S’agissant des pays à haut revenu, plus ils bénéficient de la baisse des prix mondiaux des produits à fort contenu salarial, plus marquée sera la redistribution de leurs revenus internes au détriment des salariés non qualifiés. L’avantage global qu’ils retirent s’accompagne ainsi d’un défi ponctuel.
Heureusement, celui-ci devrait être gérable. Les forces qui poussent à une égalisation globale des salaires par le fait du commerce international sont plutôt modérées. Toutefois, le résultat final risque bien d’être une concentration massive de l’emploi non qualifié dans la production de biens et services non marchands. Du moment que les contrôles sont maintenus en matière d’immigration de main-d’uvre non qualifiée, cela ne devrait pas tourner à la catastrophe. Il y a aussi d’autres mesures à considérer. Parmi elles, la réduction des prélèvements obligatoires sur les bas salaires ; la subvention des salaires des travailleurs non qualifiés ; des mesures de soutien à l’enseignement et à la formation professionnelle.

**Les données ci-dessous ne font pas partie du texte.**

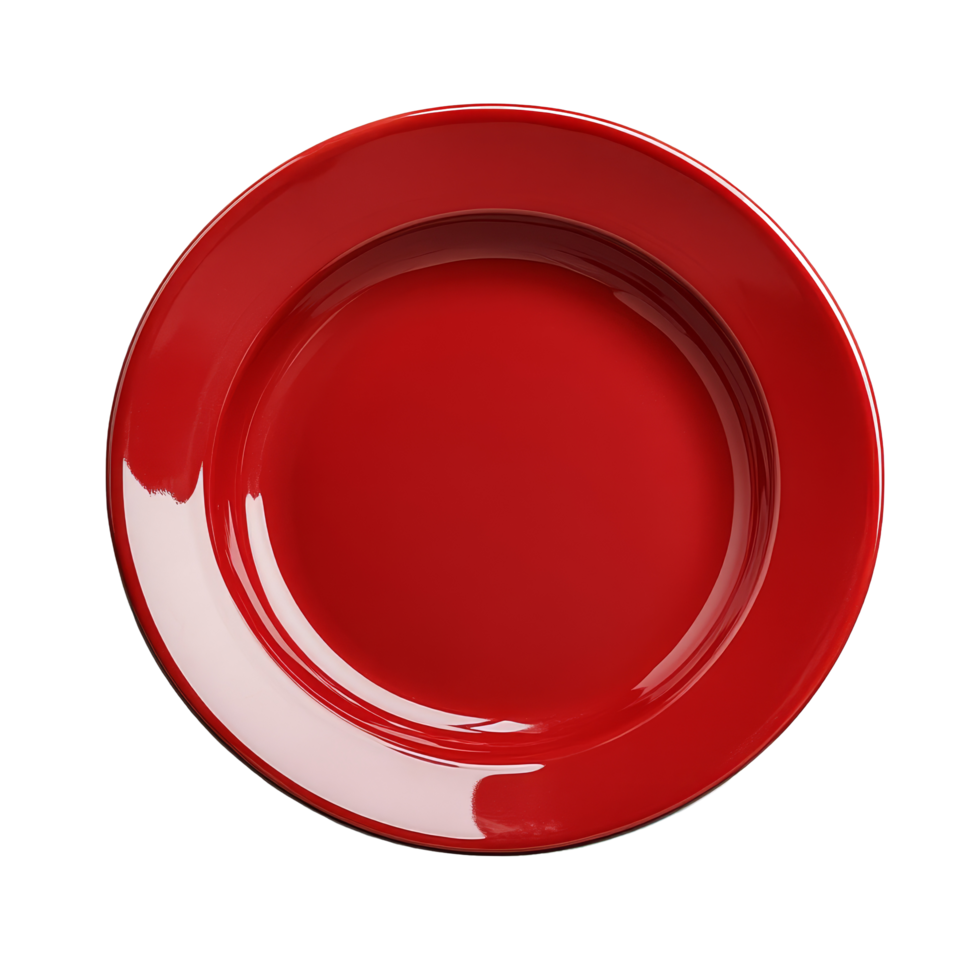 An empty red plate on a transparent background ready for serving delicious meals or decorative purposes, empty red plate isolated on transparent background png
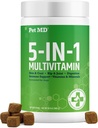 Pet MD 5in1 Dog Multivitamin - 30 Vitaminer, mineraler och näringsämnen för hud och rock, Hip & Joint, Digestion, Immune & Senior Dog Vitaminer - Glukosamin, Omega 3 6 9, & Probiotika - 120 ct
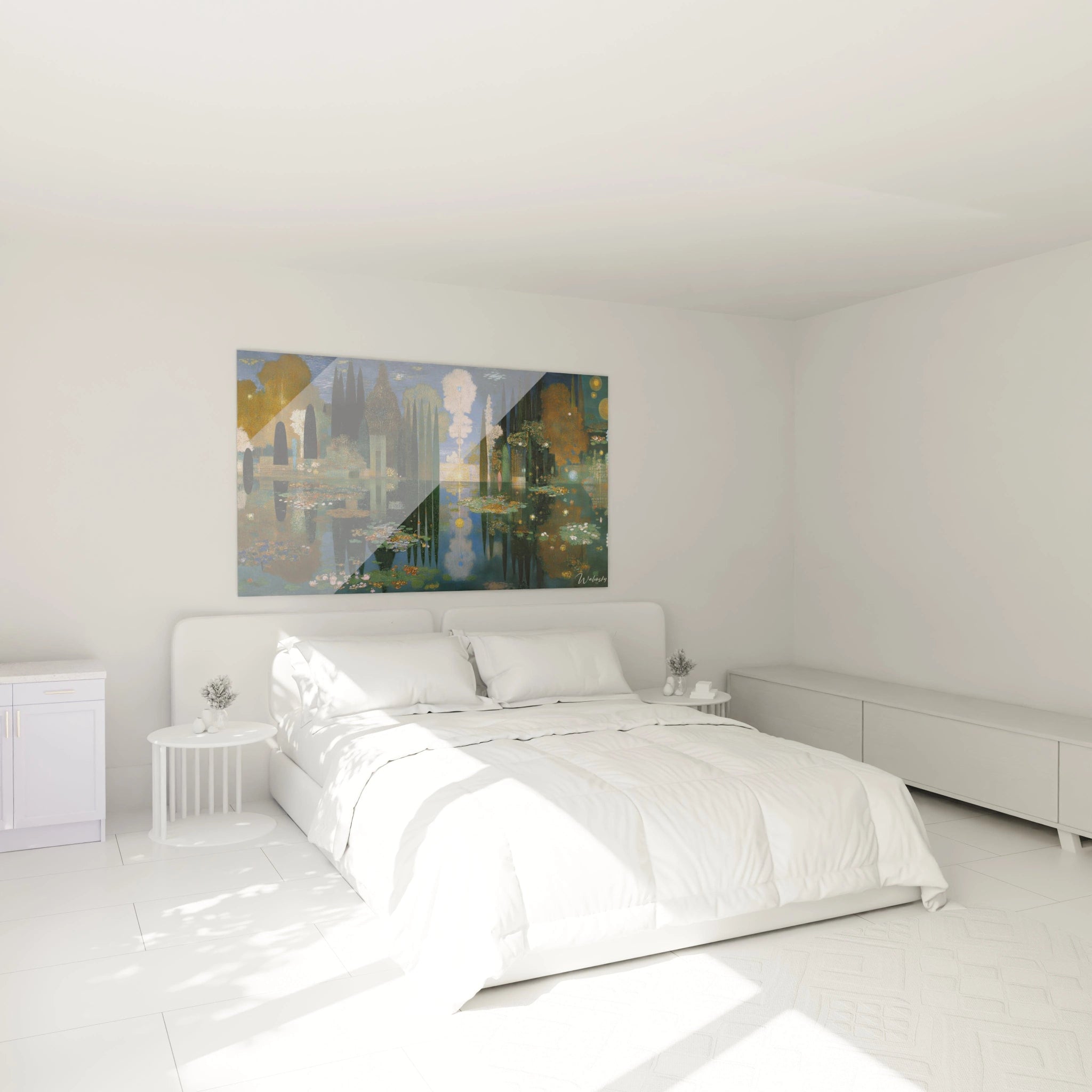 tableau paysage eaux symboliste Walensky accroché au dessus d un lit blanc dans chambre lumineuse minimaliste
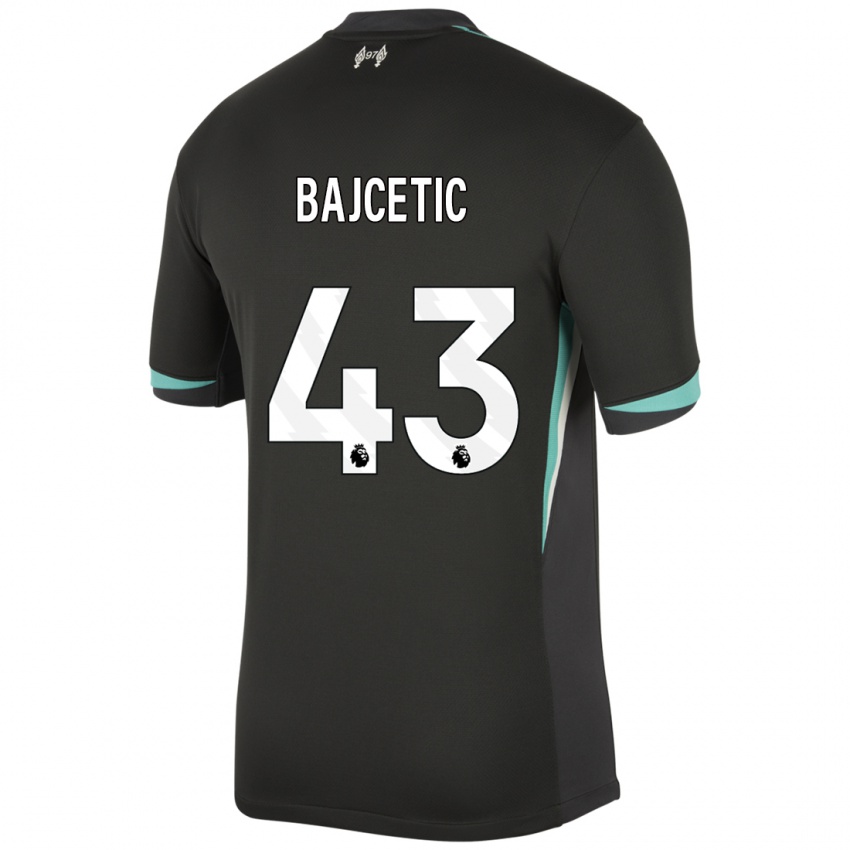 Heren Stefan Bajcetic #43 Zwart Antraciet Wit Uitshirt Uittenue 2024/25 T-Shirt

De fait, le monde est confronté à un bouleversement des conditions de l’offre. Mais le meilleur conseil qu’on puisse donner aux pays à haut revenu est de garder leur sang-froid. L’effet de redistribution interne des revenus dû au commerce international restera sans doute limité. Mais tenter, par des mesures protectionnistes, de reproduire dans la structure de leurs coûts de production l’avantage comparatif de l’Asie serait de la folie. Célébrons plutôt l’aide que le commerce international apporte aux peuples du monde pour surmonter la misère, pour empocher les fruits de leurs avantages comparatifs et pour faciliter les ajustements nécessaires.